Your task: Below are some records. Print exactly the lines between the one holding "Copertina di Emanuela" and the one holding "M5-0.8 x 8 mm", inclusive, and nothing else.

Given data:
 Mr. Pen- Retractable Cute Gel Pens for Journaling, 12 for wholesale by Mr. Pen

==

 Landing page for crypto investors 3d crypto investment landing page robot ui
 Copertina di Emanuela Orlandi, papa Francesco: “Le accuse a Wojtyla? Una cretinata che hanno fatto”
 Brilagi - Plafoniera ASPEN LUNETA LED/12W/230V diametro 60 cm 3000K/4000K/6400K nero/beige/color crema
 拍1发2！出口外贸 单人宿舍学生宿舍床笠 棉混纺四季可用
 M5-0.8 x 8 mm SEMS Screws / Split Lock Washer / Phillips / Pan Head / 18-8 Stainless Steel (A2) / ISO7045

--

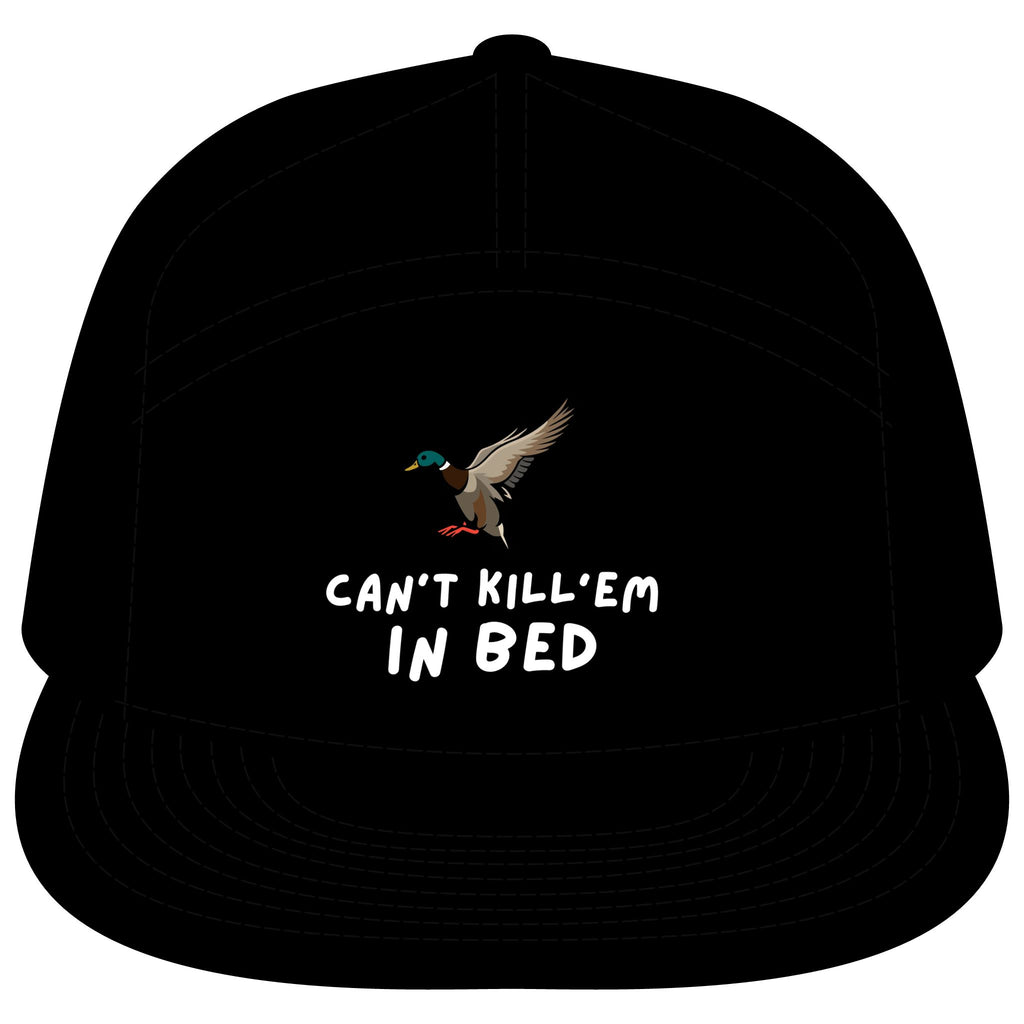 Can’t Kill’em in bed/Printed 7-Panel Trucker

Your solution:
 Copertina di Emanuela Orlandi, papa Francesco: “Le accuse a Wojtyla? Una cretinata che hanno fatto”
 Brilagi - Plafoniera ASPEN LUNETA LED/12W/230V diametro 60 cm 3000K/4000K/6400K nero/beige/color crema
 拍1发2！出口外贸 单人宿舍学生宿舍床笠 棉混纺四季可用
 M5-0.8 x 8 mm SEMS Screws / Split Lock Washer / Phillips / Pan Head / 18-8 Stainless Steel (A2) / ISO7045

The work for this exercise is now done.